If you're interested in being involved in sports outreach, seek out an established program by surfing the web, contacting the national governing body for the sport of your choice, or simply calling up someone who runs a program. (Regardless of the sport, they'll know what's going on around the country and should be able to help you network.)
Another option is to start a community team or program yourself. Our sports outreach veterans say to start small, however. "If it's a good idea and it's popular, it will grow faster than you want it to," warns Zack Lehman. Lehman, 27, is the executive director of MetroLacrosse, an organization that supports lacrosse programs in 10 communities around Boston.
Lehman says anyone who is considering starting an urban sports program needs to focus on three main things: raising money, getting kids interested, and securing facilities and a competition schedule. For funding, Lehman turned to friends and relatives, got local businesses (from pizza joints to funeral parlors) to sponsor players, sold T-shirts, and had kids stand outside grocery stores soliciting money. "We had bake sales, for crying out loud," says Lehman.
That first year, the collective efforts brought in $15,000 to cover equipment costs, buses for the games, and sundry expenses. Lehman set up a 13-game schedule against prep school junior varsity teams simply by calling up the athletic directors of all the prep schools in the area and asking them to play his team. ("Don't set [kids] up with a varsity schedule where they're going to get crushed. Give them a chance to learn the game," he says.)
Like Lehman says, if you've got something good, it grows fast. "Year two we had 160 kids and 20 coaches and a much bigger budget. We formed a board of directors, filed for tax-exempt status, incorporated, had monthly board meetings, and started a core of volunteer parents to do everything from cutting oranges for games to watching the clock," he says.
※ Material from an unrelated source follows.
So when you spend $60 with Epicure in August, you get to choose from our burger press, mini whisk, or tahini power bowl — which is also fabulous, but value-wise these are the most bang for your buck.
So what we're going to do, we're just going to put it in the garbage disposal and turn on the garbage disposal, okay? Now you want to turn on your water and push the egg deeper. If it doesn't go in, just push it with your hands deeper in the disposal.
The most important difference the second year of the program, however, was the addition of an educational component. Lehman and friends took over an abandoned storefront, put in computers, hired a part-time learning center coordinator, and recruited volunteer tutors to work with kids in the program. "There aren't many things that catch kids' attention these days, and if you can find one, like lacrosse, you've got to leverage it," says Lehman. Furthermore, he says, in order to go after larger grants, you need to offer something beyond a sports program, whether it's drug and alcohol prevention or academic tutoring.
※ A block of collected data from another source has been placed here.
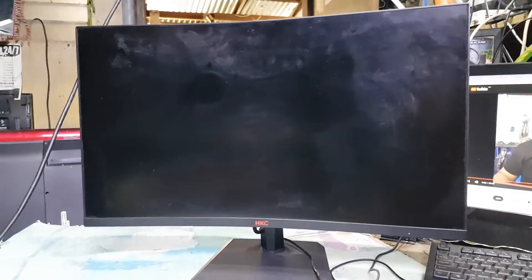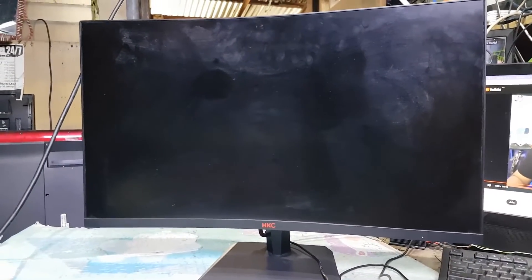Hello, good day everyone. I'm Tefs. Welcome back to this channel. This next repair is an HKC M27GRF LED monitor. It's turning on but multiple vertical lines appear on the screen. I will show you how to fix it. If you found this video interesting, make sure you give it a thumbs up, subscribe to this channel, and never forget to ring the bell to keep you updated. So let's get started.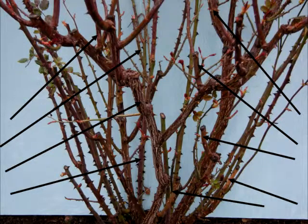So here's what you need to do. You've got skinny canes, you've got rubbing canes, deadwood — just all kinds of stuff. But we're going to take this a piece at a time, so let's get started.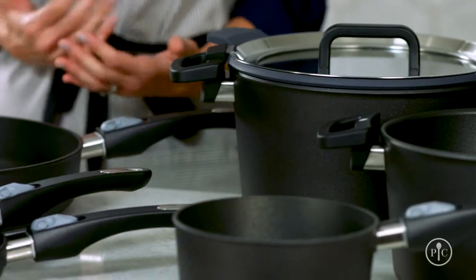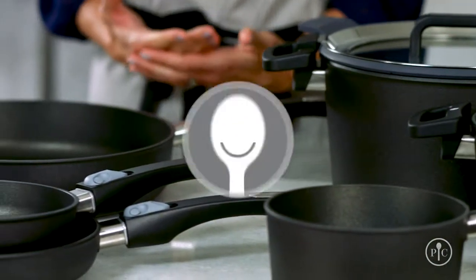Get to know the different pieces in our collection by trying out some of our great new recipes — you're really gonna love it.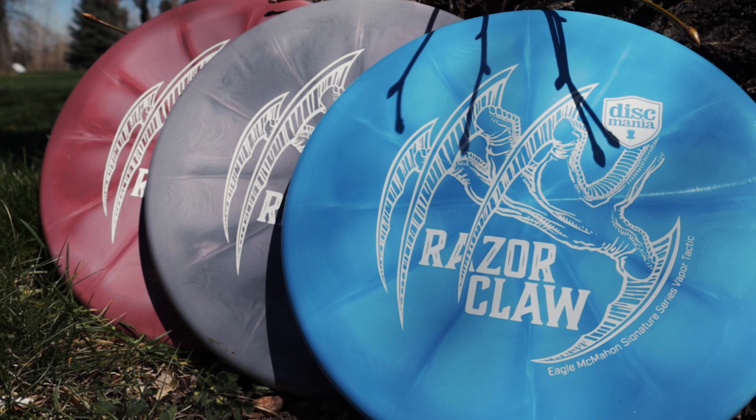Discmania Golf Discs. What up everybody? Eagle here and I have exciting news for you Discmaniacs. The Razorclaw Tactic is finally here — the long-awaited Discmania trusty overstable approach putter.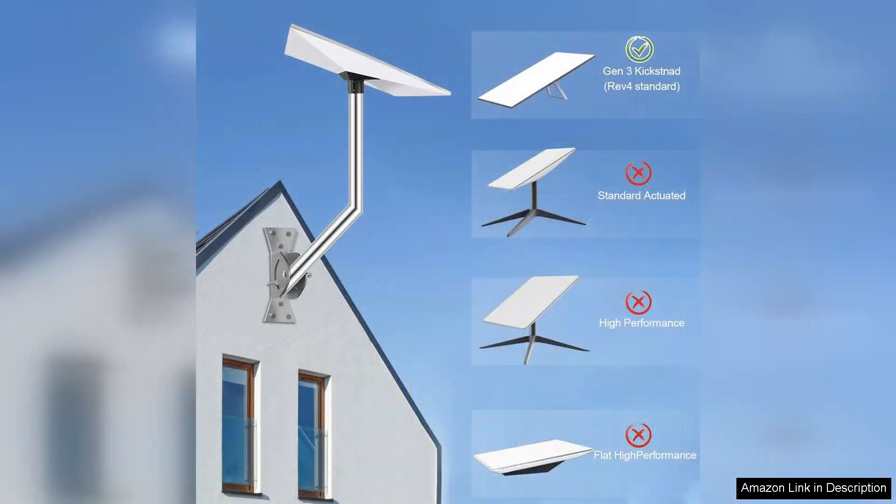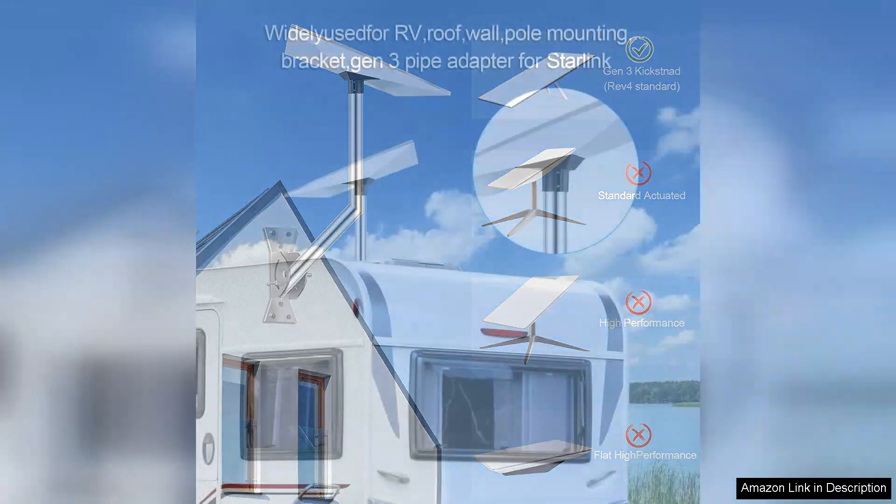Installation is straightforward thanks to the well-designed components that fit standard poles with ease. The kit includes all necessary hardware, making it a hassle-free experience for both DIY enthusiasts and those less inclined to tackle home improvements.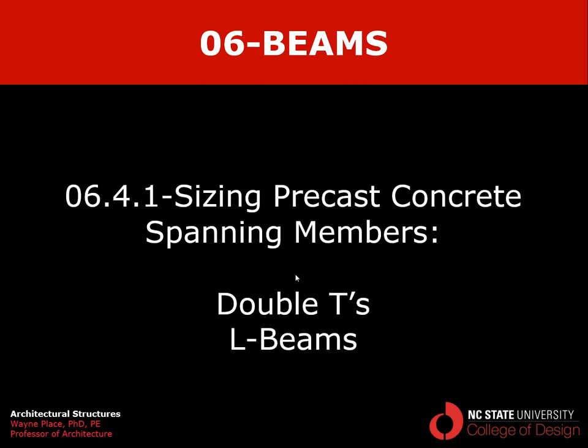That ends our first video on sizing precast concrete spanning members, focusing on double T's and L beams.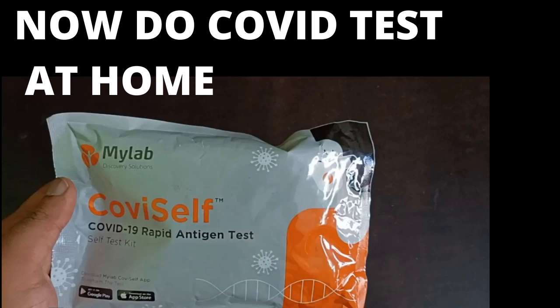Hello guys, welcome to another episode. In this video we will describe how we can do a COVID test at home. Nowadays it is very dangerous to go to testing centers because the TPR rate is very high. So if you have some symptoms and feel like you have COVID and don't have any official requirement for a test result, then we can buy this COVID kit and test ourselves. If you have some symptoms, it is always advised to take the test and get it confirmed.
For his first three years with the program, Lehman didn't take a penny of salary. He was a third-year law student when he began the neighborhood team and later worked full-time in law while running the program. Only after he left his corporate law job to work full-time on replicating the program in other communities did he begin to be paid.
Traditionally, Lehman explains, parents have taken on the role of volunteer coach for community sports programs, and it's never been in the spirit of the organizations to pay these people. He says, however, that the climate is changing, particularly in urban communities. "Great programs don't just come out of nowhere and last forever. You have to have someone who runs them, and volunteers get burnt out." While coaching positions may continue to draw on volunteers, there will be a growing number of paid positions for administrators in organizations like these.
If you're starting an urban sports program, any sport will be beneficial, Lehman says, "but there's something about starting this kind of traditionally suburban type sport that opens kids' eyes. They're saying, 'I can compete with those kids in the suburbs in lacrosse, maybe I can compete with them in the classroom, maybe I can compete with them in the workforce.'" And believing they can compete is half the battle.